— Тебе нужны мои эмоции?

Широкая хмурая складка пересекла высокий мужской лоб.

— Получается, что нужны.

— Тогда ты тоже ответишь на мои вопросы и не станешь говорить «замолкни», — голос чуточку дрогнул, выдавая прошлую обиду.

Довженко внимательно глянул, видимо, почувствовал это дрожание.

— Хорошо, давай так: вопрос ты, вопрос я, — предложил Валера, — только чур не обманывать, говорить максимально откровенно.

— Д-давай…

Наверное, мне не стоило соглашаться, нельзя впускать шакала в свою душу, но любопытство победило, тем более, о других ничего не значащих вещах мы уже поговорили.
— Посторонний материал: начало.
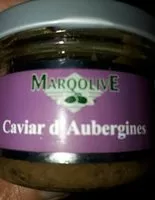 Mängden socker i caviar d'aubergines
Обсудили погоду, фильмы, даже немного коснулись политики.

Кто первый задает вопрос? — спросила я.

— Говорят, мужчины должны уступать дамам.

— Предрассудки! Мне кажется, сегодняшние мужчины убеждены, что они никому ничего не должны.
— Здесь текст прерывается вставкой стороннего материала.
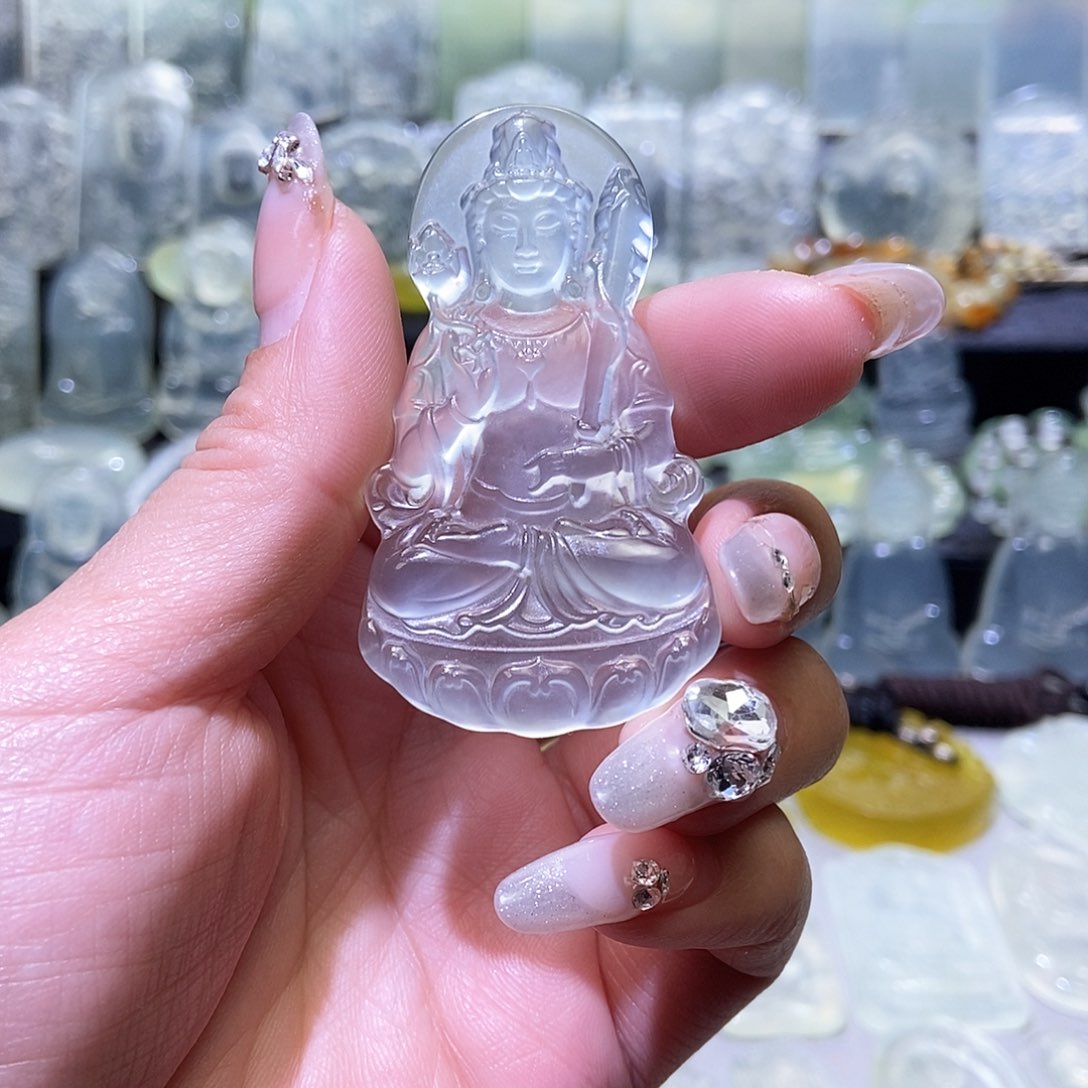 岫玉吊坠未镶嵌H**?吊坠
— Как хочешь, — пожал плечами Валера на мою феминистическую выходку, — тогда первым спрашиваю я.

Не будешь умничать, Ира.

— Когда ты начала делать своих кукол?

Невольно улыбнулась… про кукол я действительно могла говорить часами, это он зря спросил.

— Давно, еще в детстве, мне было лет десять.

— Трудное детство, деревянные игрушки, прибитые к полу? — иронично приподнял брови Довженко.

— Нет же… Я ведь дочка генерала. Папа был строгий, но в куклах у меня не было недостатка, из каждой поездки привозил. А я их разбирала на запчасти, мне хотелось понять, как они устроены. Хотя, возможно, изначально увлечение куклами проистекало из банального эгоизма, мне хотелось, чтобы мои куклы были самыми лучшими, и все девочки мне завидовали.

— И как, завидовали?!

— Нет, сначала смеялись, поскольку мои первые куклы были ужасными страшилищами.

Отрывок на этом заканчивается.